OS_MAILBOX_PutFront()

Description

Stores a new message of a predefined size into a mailbox in front of all other messages if the mailbox is able to accept one more message. The new message will be retrieved first.

Prototype

char OS_MAILBOX_PutFront(OS_MAILBOX*  pMB,
                         OS_CONST_PTR void *pMail);

Parameters

Parameter Description
pMB Pointer to a mailbox object of type OS_MAILBOX.
pMail Pointer to the message to store.

Return value

= 0 Success; message stored.
≠ 0 Message could not be stored (mailbox is full).

Additional information

If the mailbox is full, the message is not stored. This function never suspends the calling task. It may therefore be called from an interrupt routine. This function is useful to store “emergency” messages into a mailbox which must be handled quickly. It may also be used in general instead of OS_MAILBOX_Put() to change the FIFO structure of a mailbox into a LIFO structure.

Example

static OS_MAILBOX _MBData;

void AddMessage(struct Data* pData) {
  char Result;

  Result = OS_MAILBOX_PutFront(&_MBData, pData);
  if (Result != 0) {
    printf("Was not able to add the message to the mailbox.\n");
  }
}

OS_MAILBOX_PutFront1()

Description

Stores a new message of size 1 into a mailbox in front of all other messages if the mailbox is able to accept one more message. The new message will be retrieved first.

Prototype

char OS_MAILBOX_PutFront1(OS_MAILBOX*  pMB,
                          OS_CONST_PTR char *pMail);

Parameters

Parameter Description
pMB Pointer to a mailbox object of type OS_MAILBOX.
pMail Pointer to the message to store.

Return value

= 0 Success; message stored.
≠ 0 Message could not be stored (mailbox is full).

Additional information

If the mailbox is full, the message is not stored. This function never suspends the calling task. It may therefore be called from an interrupt routine. This function is useful to store “emergency” messages into a mailbox which must be handled quickly. It may also be used in general instead of OS_MAILBOX_Put() to change the FIFO structure of a mailbox into a LIFO structure.

See Single-byte mailbox functions for differences between OS_MAILBOX_PutFront() and OS_MAILBOX_PutFront1().

Example

static OS_MAILBOX _MBData;

void AddMessage(char c) {
  char Result;

  Result = OS_MAILBOX_PutFront1(&_MBData, &c);
  if (Result != 0) {
    printf("Was not able to add the message to the mailbox.\n");
  }
}

OS_MAILBOX_PutFrontBlocked()

Description

Stores a new message of a predefined size at the beginning of a mailbox in front of all other messages.
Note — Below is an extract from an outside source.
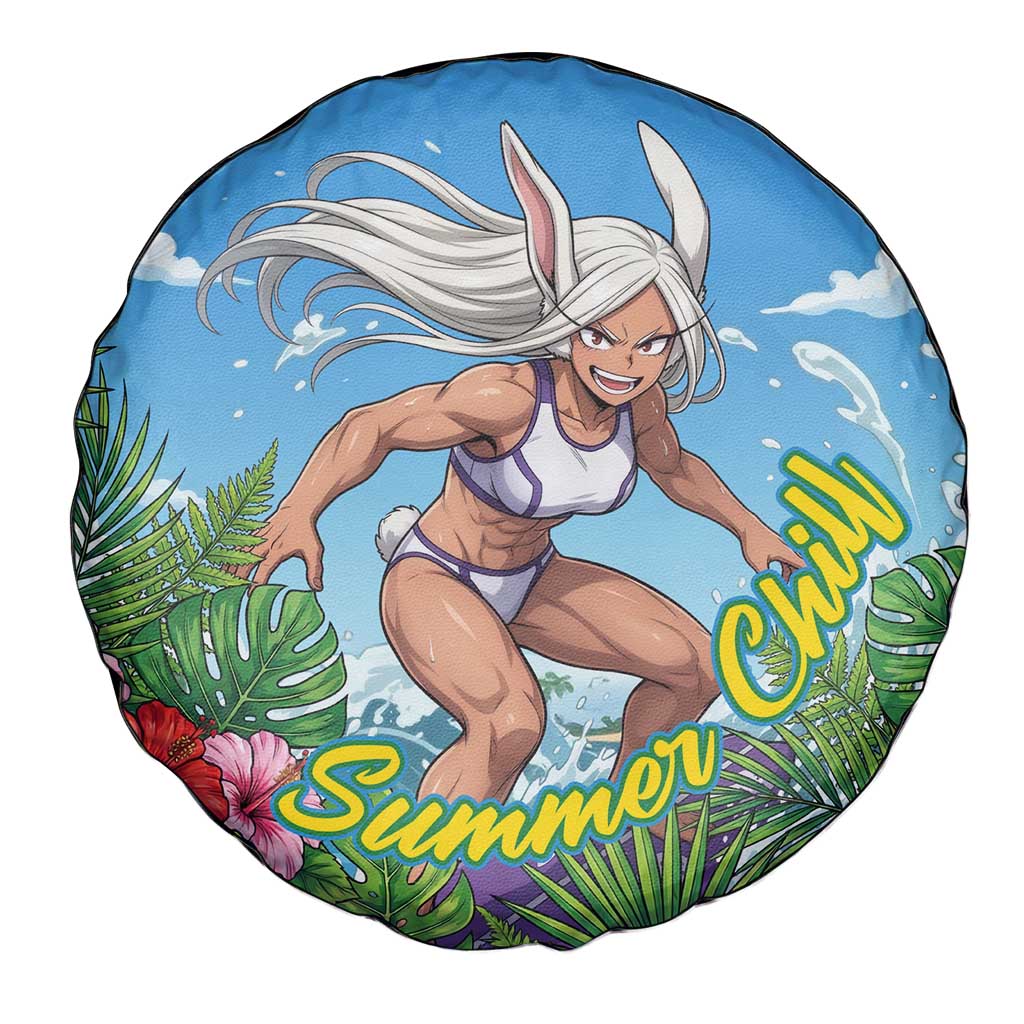 Mirko Summer Chill Spare Tire Cover Tropical Anime Surfing Power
This new message will be retrieved first.

Prototype

void OS_MAILBOX_PutFrontBlocked(OS_MAILBOX*  pMB,
                                OS_CONST_PTR void *pMail);

Parameters

Parameter Description
pMB Pointer to a mailbox object of type OS_MAILBOX.
pMail Pointer to the message to store.

Additional information

If the mailbox is full, the calling task is suspended. Because this routine might require a suspension, it must not be called from an interrupt routine. Use OS_MAILBOX_PutFront()/OS_MAILBOX_PutFront1() instead if you need to store data in a mailbox from within an interrupt routine.
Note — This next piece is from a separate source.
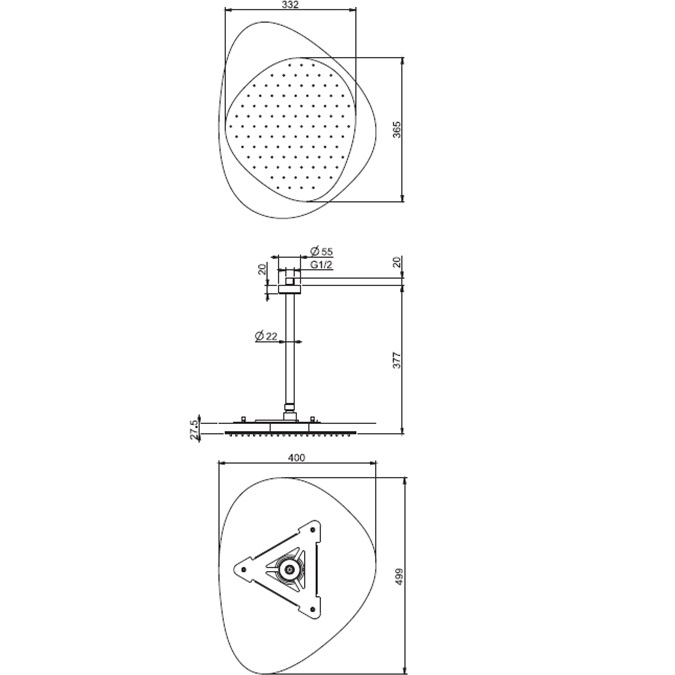 Верхний душ с потолочным держателем 30см. Fima Carlo Frattini Wellness Cloud F2652CCR (хром)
This function is useful to store “emergency” messages into a mailbox which must be handled quickly. It may also be used in general instead of OS_MAILBOX_PutBlocked() to change the FIFO structure of a mailbox into a LIFO structure.

Example

static OS_MAILBOX _MBData;

void AddMessage(struct Data* pData) {
  OS_MAILBOX_PutFrontBlocked(&_MBData, pData);
}

OS_MAILBOX_PutFrontBlocked1()

Description

Stores a new message of size 1 at the beginning of a mailbox in front of all other messages. This new message will be retrieved first.

Prototype

void OS_MAILBOX_PutFrontBlocked1(OS_MAILBOX*  pMB,
                                 OS_CONST_PTR char *pMail);

Parameters

Parameter Description
pMB Pointer to a mailbox object of type OS_MAILBOX.
pMail Pointer to the message to store.

Additional information

If the mailbox is full, the calling task is suspended. Because this routine might require a suspension, it must not be called from an interrupt routine. Use OS_MAILBOX_PutFront()/OS_MAILBOX_PutFront1() instead if you need to store data in a mailbox from within an interrupt routine.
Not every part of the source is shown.